• _WORK TASK_
What you should end up with is an exact copy of the lines from the one holding "Wendy Quinn" through the last line of the entries below, both included, and nothing else; leave every picture out.

:: SUPPLIED MATERIAL ::

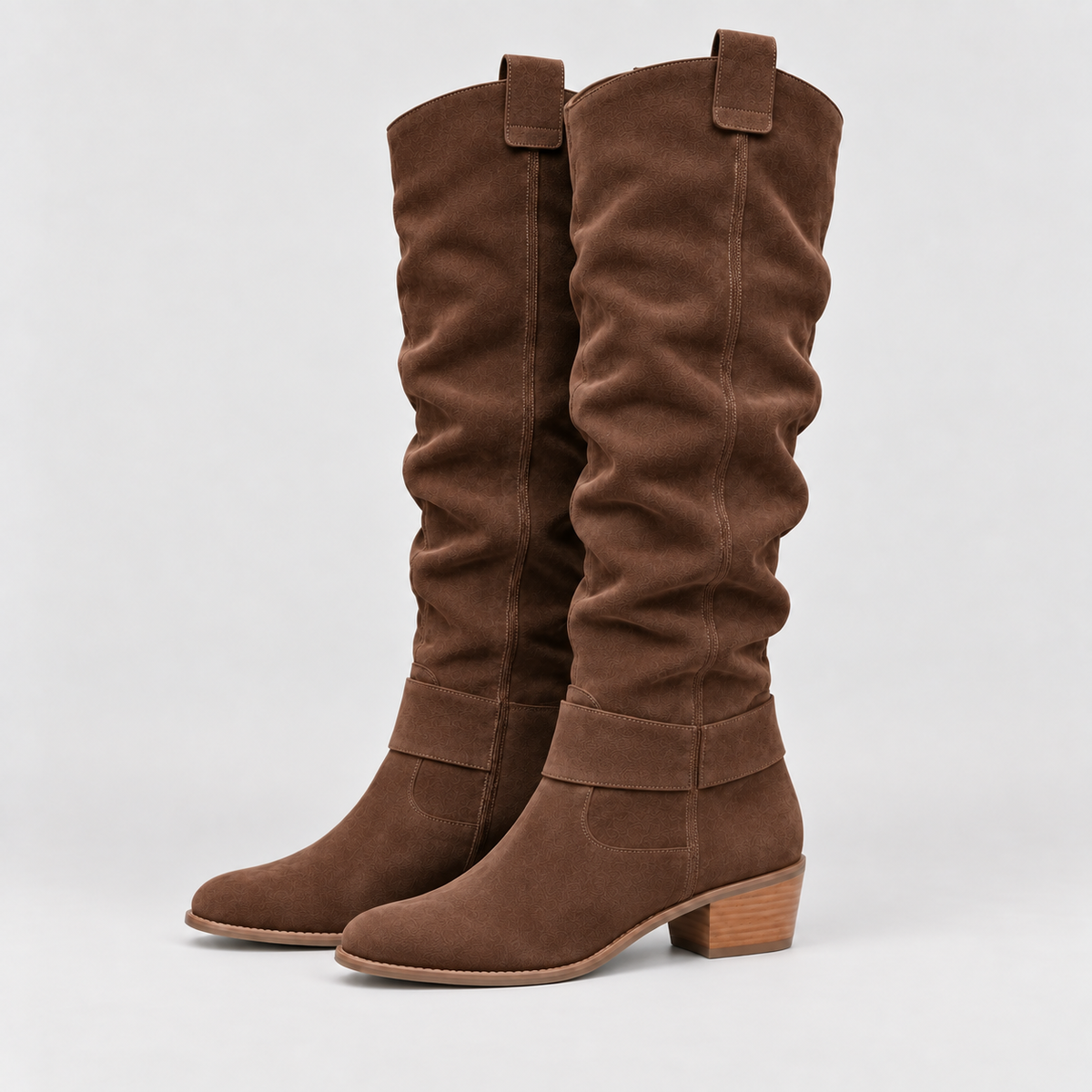 codex-shoes-lot1::Brown::03-opposite-lateral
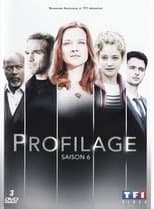 Temporada 6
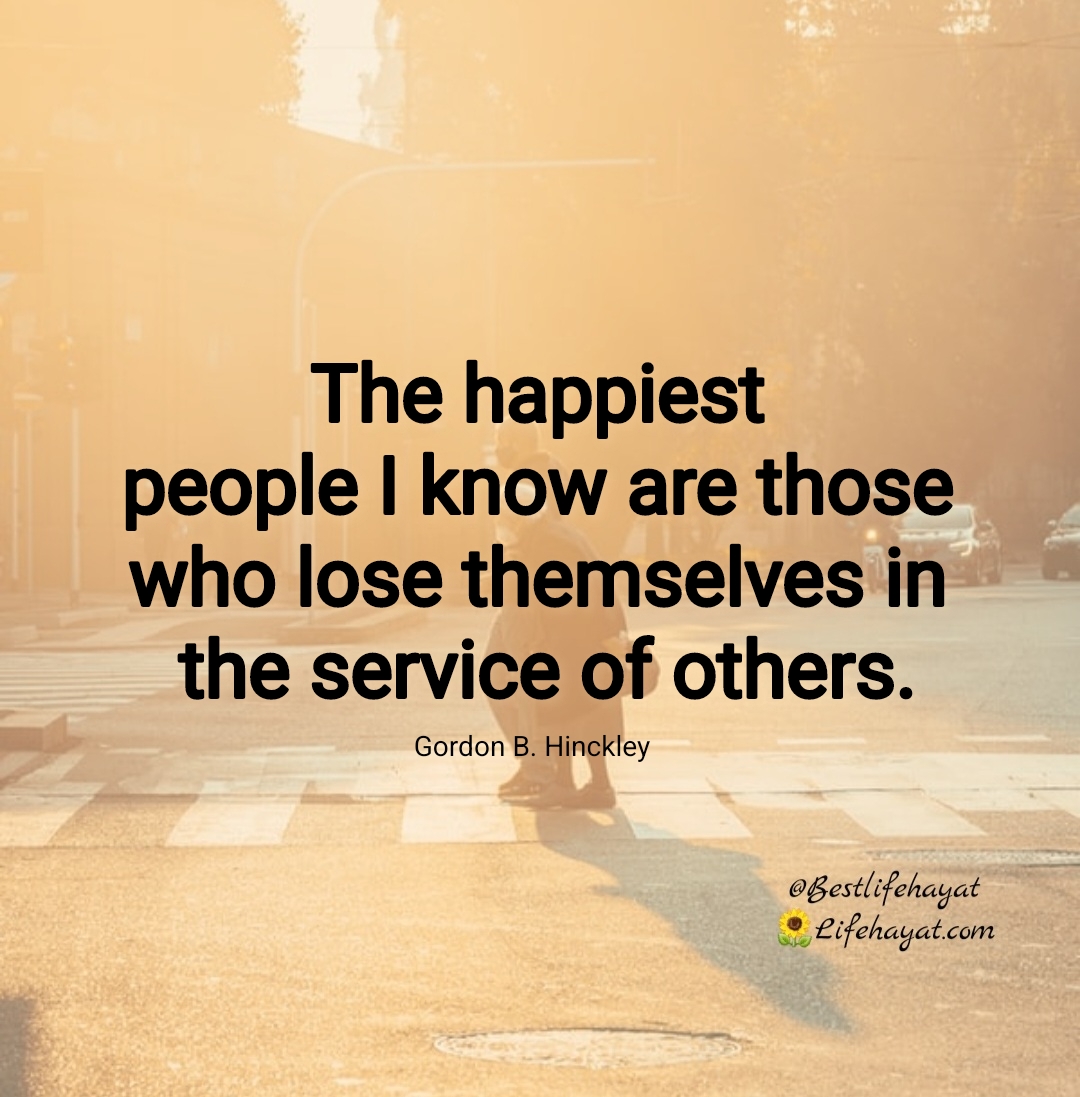 The-happiest-people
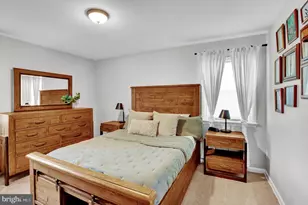 6287 Carpenter St, East Petersburg, PA 17520 - Photo 15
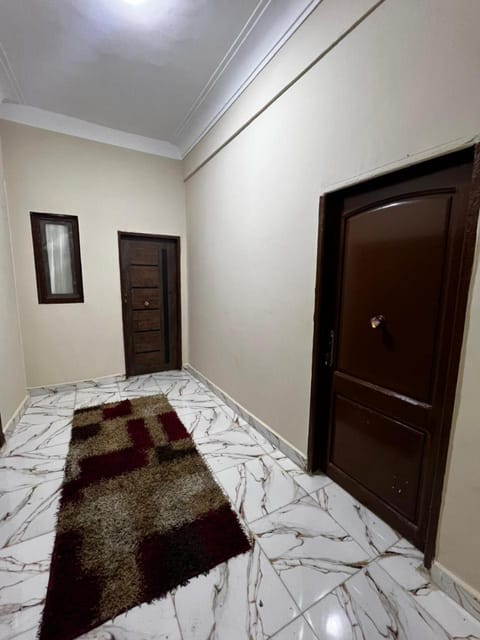 Property building, Lobby or reception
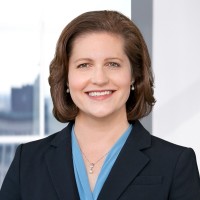Wendy Quinn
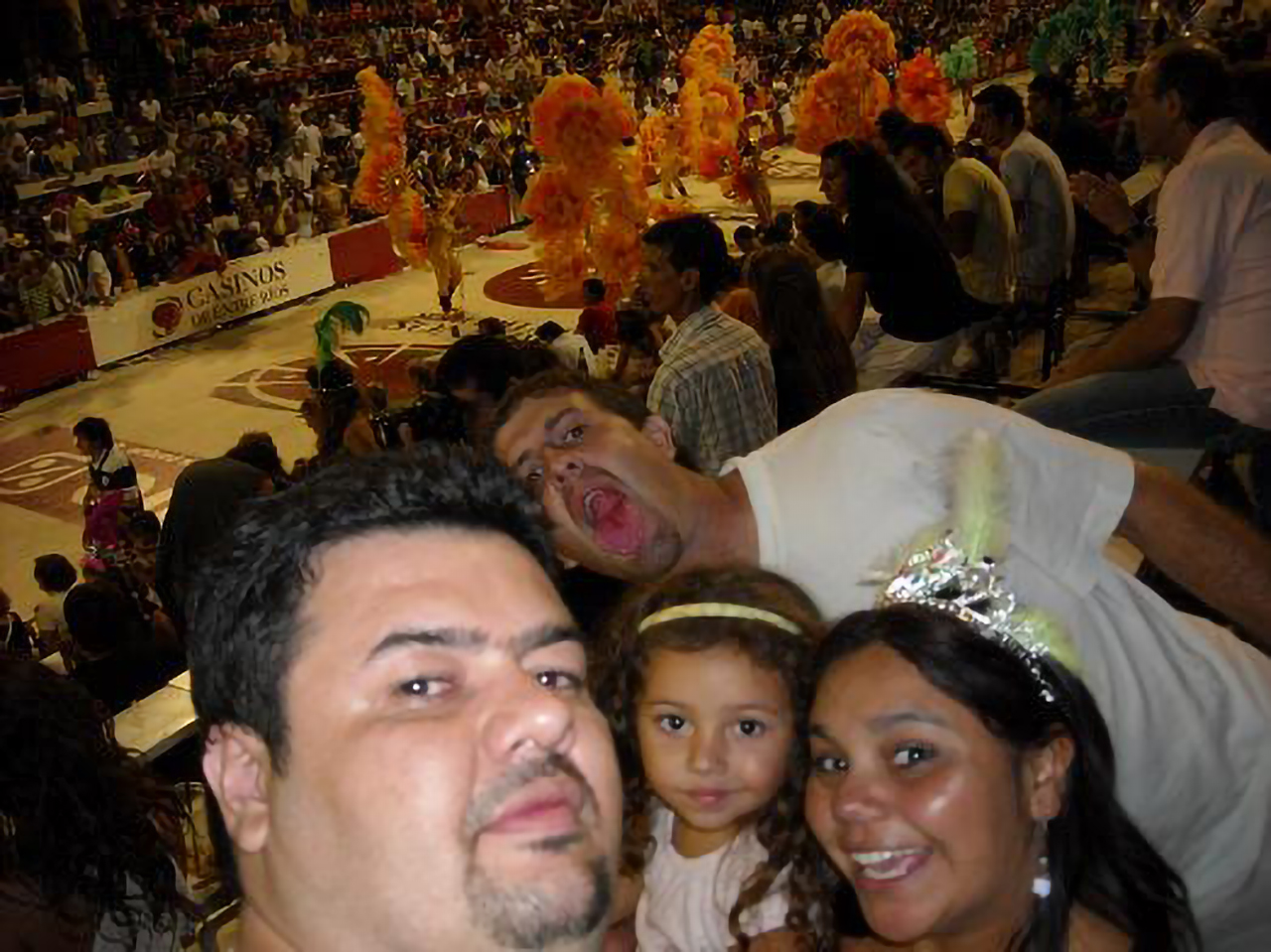 03_dscn03601238044001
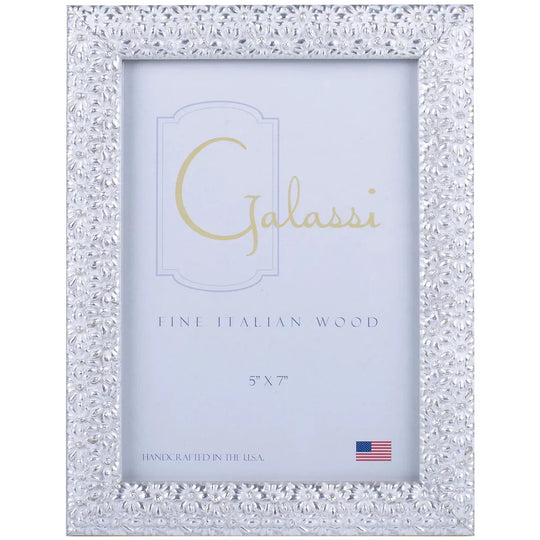 Blossom Frame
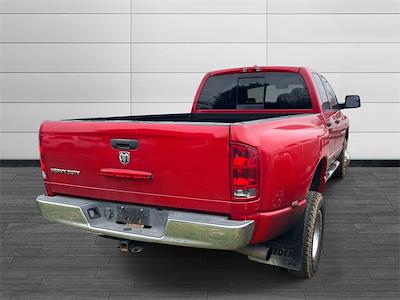 Used 2006 Dodge Ram 3500 - photo 1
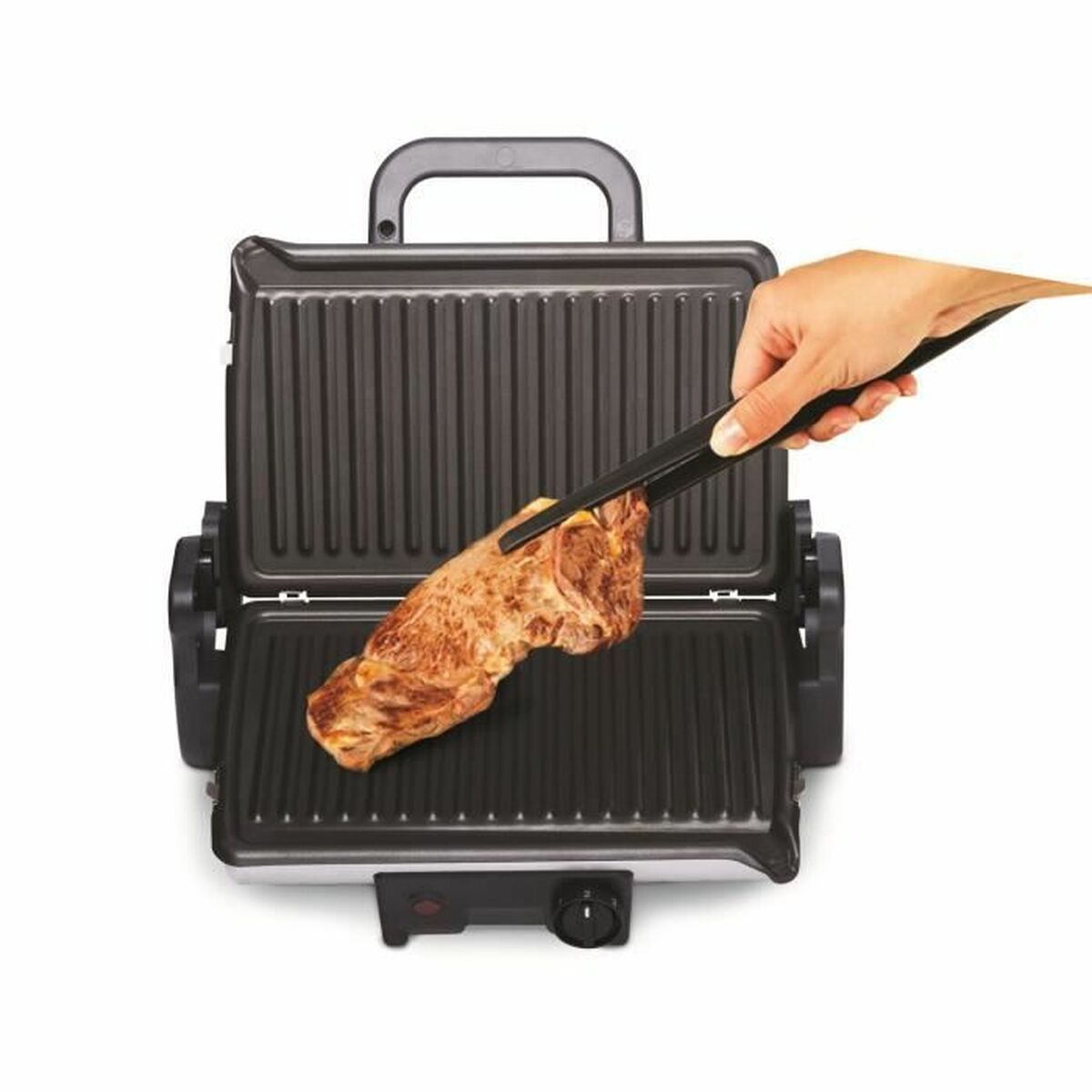 Elektrogrill Tefal GC 2050 1600 W 1600 W - AWK Flagship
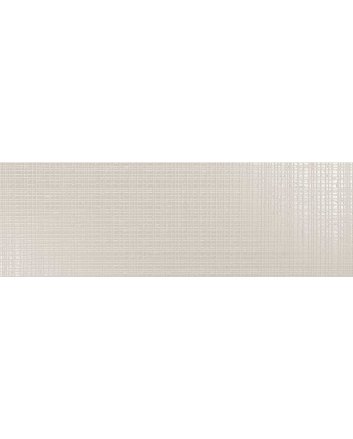 Emigres Mos soft wandtegel lapatto 40x120 beige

:::

• _REPLY_
Wendy Quinn
 03_dscn03601238044001
 Blossom Frame
 Used 2006 Dodge Ram 3500 - photo 1
 Elektrogrill Tefal GC 2050 1600 W 1600 W - AWK Flagship
 Emigres Mos soft wandtegel lapatto 40x120 beige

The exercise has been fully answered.